DIRECTIONS FOR THIS TASK: Below are several records. Retype exactly those lines running from the one with "Der Gerätepark im" through the one with "图片[6]-福利特价 Nike Court", end lines included, and no others.

(Source data)
↓↓↓

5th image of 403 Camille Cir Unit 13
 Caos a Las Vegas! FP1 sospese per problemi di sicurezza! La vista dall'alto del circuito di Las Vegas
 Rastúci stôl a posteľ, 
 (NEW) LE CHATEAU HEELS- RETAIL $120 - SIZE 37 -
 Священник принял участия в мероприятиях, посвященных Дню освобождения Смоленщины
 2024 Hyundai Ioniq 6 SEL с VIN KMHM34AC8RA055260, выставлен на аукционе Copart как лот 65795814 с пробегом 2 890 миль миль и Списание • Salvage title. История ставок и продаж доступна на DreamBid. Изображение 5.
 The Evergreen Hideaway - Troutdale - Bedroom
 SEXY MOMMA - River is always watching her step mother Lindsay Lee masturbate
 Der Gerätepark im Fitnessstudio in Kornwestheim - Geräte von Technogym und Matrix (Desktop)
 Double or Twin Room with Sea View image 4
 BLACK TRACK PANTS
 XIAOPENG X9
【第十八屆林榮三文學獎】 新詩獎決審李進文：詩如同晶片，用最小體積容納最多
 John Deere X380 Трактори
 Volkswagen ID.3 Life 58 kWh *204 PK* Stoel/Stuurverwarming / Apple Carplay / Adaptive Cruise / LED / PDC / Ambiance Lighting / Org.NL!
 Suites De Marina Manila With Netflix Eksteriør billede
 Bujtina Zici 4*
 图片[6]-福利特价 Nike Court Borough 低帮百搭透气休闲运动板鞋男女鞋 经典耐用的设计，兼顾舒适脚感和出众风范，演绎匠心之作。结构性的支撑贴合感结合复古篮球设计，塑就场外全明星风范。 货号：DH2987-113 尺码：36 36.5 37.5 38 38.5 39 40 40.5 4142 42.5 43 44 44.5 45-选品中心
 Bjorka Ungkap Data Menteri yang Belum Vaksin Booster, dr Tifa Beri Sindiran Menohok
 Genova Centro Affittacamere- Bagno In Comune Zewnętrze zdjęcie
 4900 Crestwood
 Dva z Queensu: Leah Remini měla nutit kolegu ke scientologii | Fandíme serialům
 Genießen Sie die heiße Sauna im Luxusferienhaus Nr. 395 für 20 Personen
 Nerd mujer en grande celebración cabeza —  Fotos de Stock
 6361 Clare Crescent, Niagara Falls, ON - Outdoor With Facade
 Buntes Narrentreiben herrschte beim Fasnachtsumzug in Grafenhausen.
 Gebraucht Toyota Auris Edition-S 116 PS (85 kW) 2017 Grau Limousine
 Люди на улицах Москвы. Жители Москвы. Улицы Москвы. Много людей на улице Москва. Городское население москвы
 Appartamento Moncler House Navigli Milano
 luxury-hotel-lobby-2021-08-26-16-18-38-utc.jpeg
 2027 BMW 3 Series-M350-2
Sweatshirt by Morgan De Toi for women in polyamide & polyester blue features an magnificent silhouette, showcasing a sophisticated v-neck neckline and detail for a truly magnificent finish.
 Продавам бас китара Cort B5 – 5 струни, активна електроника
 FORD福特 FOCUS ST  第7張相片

↑↑↑

SOLUTION FOR THIS PROBLEM:
 Der Gerätepark im Fitnessstudio in Kornwestheim - Geräte von Technogym und Matrix (Desktop)
 Double or Twin Room with Sea View image 4
 BLACK TRACK PANTS
 XIAOPENG X9
【第十八屆林榮三文學獎】 新詩獎決審李進文：詩如同晶片，用最小體積容納最多
 John Deere X380 Трактори
 Volkswagen ID.3 Life 58 kWh *204 PK* Stoel/Stuurverwarming / Apple Carplay / Adaptive Cruise / LED / PDC / Ambiance Lighting / Org.NL!
 Suites De Marina Manila With Netflix Eksteriør billede
 Bujtina Zici 4*
 图片[6]-福利特价 Nike Court Borough 低帮百搭透气休闲运动板鞋男女鞋 经典耐用的设计，兼顾舒适脚感和出众风范，演绎匠心之作。结构性的支撑贴合感结合复古篮球设计，塑就场外全明星风范。 货号：DH2987-113 尺码：36 36.5 37.5 38 38.5 39 40 40.5 4142 42.5 43 44 44.5 45-选品中心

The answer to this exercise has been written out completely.